Neuropsychiatric disorders are usually caused to stroke survivors, and the most common ones are: depression, anxiety, emotional incontinence, and catastrophic reactions. The most common one and the one that is considered to be a burden for care givers is Post Stroke Depression. PSD is usually found to hit up to 40% of the patients, which is considered a wide range and it’s important to study it since it interferes with rehabilitation, recovery and quality of life. The diagnosis of PSD is also difficult for medical professionals since some patients might have difficulty in expressing or comprehending, cognitive impairment, and there are some overlapping between symptoms of depression and medical condition of patients. The other most common one is the Post Stroke Anxiety, it occurs to up to 20% of the patients with a majority of these patients also having PSD. The worrying state of having a stroke recently, some long term injuries, and the possibility of a second stroke happening in the next five years could be present for at least six months with some symptoms like restlessness, irritability, poor energy, poor concentration, muscle tension, and poor sleep.
Reflection/Analysis:
With the focus on the rehabilitation of the patients and trying to achieve the best outcome from it we also need to consider the mental state of the patient before and during the rehabilitation.
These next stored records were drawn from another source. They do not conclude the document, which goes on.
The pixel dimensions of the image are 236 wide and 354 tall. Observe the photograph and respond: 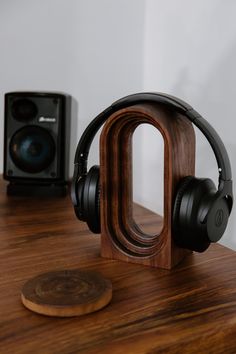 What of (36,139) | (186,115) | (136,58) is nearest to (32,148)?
(36,139)

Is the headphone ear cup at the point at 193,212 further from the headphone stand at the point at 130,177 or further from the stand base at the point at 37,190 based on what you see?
the stand base at the point at 37,190

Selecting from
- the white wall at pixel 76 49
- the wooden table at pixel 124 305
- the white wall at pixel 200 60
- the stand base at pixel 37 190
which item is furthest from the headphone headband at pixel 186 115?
the white wall at pixel 76 49

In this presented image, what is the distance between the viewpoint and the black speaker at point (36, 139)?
1173 millimetres

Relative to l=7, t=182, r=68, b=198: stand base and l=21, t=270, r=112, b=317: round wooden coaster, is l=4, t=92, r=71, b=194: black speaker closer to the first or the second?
l=7, t=182, r=68, b=198: stand base

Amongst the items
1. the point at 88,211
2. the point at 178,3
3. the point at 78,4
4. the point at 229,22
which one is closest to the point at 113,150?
the point at 88,211

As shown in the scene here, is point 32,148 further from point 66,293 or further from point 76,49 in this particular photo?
point 66,293

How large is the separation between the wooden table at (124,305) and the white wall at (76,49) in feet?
1.79

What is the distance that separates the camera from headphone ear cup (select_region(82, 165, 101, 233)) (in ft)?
2.57

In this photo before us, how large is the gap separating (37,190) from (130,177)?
455mm

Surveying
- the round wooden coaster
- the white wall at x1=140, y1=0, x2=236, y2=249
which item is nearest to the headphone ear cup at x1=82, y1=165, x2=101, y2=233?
the round wooden coaster

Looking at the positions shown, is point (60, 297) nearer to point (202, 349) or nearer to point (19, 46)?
point (202, 349)

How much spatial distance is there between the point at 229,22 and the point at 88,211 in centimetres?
49

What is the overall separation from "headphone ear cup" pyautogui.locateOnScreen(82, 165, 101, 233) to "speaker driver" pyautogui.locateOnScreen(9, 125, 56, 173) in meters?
0.40

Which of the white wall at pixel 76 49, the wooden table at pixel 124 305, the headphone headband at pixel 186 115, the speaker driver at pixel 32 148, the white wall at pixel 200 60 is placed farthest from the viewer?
the white wall at pixel 76 49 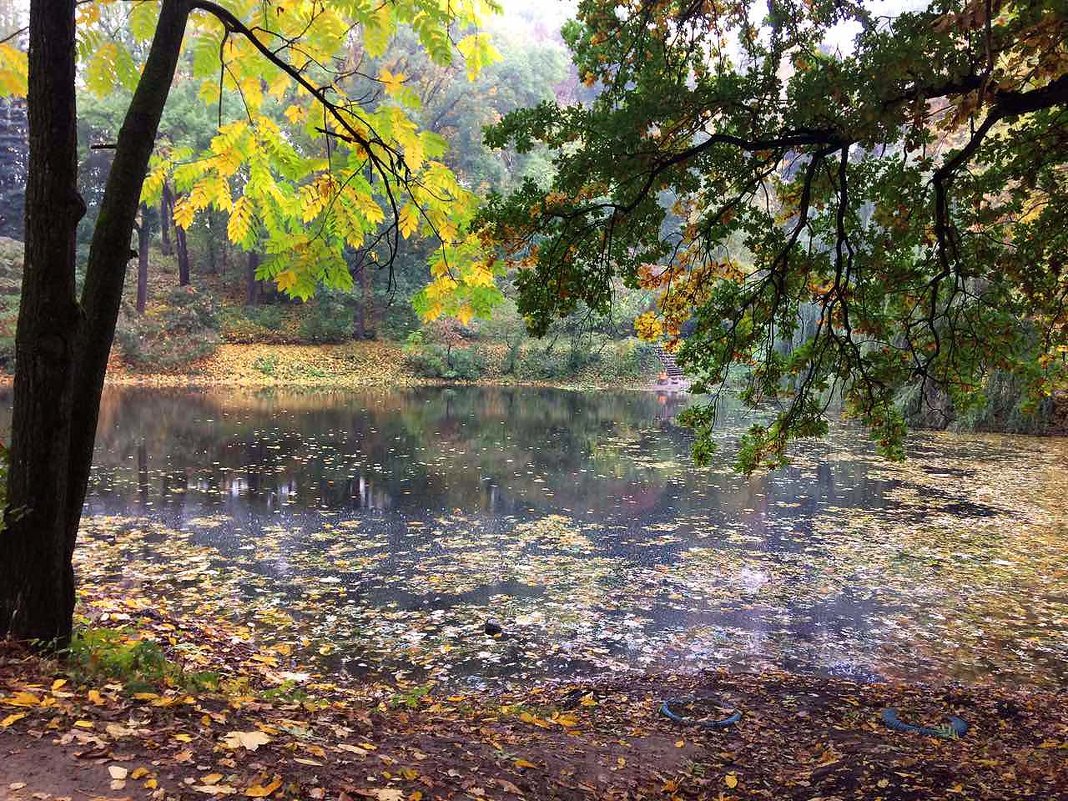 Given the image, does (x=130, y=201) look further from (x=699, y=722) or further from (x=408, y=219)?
(x=699, y=722)

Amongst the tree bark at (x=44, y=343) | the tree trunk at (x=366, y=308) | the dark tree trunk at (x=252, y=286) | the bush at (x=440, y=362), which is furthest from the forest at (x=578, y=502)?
the dark tree trunk at (x=252, y=286)

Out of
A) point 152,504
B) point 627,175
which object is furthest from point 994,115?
point 152,504

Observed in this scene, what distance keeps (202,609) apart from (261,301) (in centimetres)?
3078

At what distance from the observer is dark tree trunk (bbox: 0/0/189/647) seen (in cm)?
336

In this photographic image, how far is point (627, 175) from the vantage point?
4.57 meters

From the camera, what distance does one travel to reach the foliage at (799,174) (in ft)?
12.9

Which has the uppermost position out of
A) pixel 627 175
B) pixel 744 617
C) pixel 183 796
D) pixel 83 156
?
pixel 83 156

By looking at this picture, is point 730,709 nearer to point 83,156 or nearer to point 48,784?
point 48,784

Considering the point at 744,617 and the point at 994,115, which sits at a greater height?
the point at 994,115

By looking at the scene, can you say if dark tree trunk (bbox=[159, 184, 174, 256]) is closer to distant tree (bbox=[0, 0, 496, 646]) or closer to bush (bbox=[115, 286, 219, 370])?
bush (bbox=[115, 286, 219, 370])

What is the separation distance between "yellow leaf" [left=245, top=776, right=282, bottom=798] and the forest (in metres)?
0.01

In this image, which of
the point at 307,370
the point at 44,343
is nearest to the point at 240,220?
the point at 44,343

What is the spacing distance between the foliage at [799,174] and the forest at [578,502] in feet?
0.12

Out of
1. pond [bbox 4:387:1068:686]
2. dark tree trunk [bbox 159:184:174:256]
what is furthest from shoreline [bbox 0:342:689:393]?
pond [bbox 4:387:1068:686]
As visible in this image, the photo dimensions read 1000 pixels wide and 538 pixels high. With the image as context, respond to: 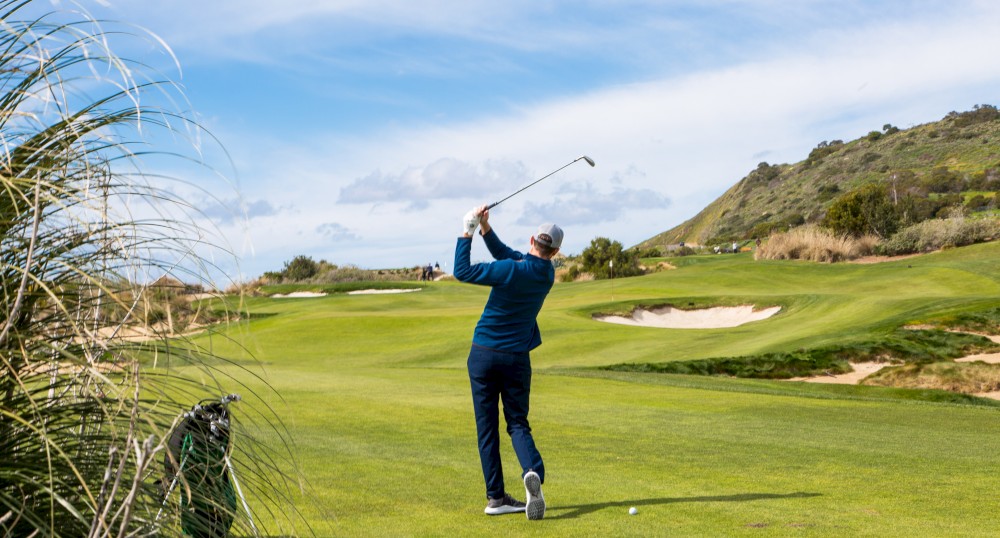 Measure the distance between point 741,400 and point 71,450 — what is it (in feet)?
42.4

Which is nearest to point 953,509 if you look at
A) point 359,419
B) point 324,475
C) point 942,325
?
point 324,475

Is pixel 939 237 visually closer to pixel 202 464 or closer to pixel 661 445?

Depression and anxiety are very common post-stroke factors as they increase morbidity and delay the recovery. Therefore, treating any neuropsychiatric post-stroke disorder can have the greatest impact on improving the quality of life post-stroke. A lot of patients might give up on life or even on recovery itself and just try to live with their disability, so showing them the potential of the treatment and convincing them that it could be a way to reach a life that is very close to the life they had pre-stroke is very important.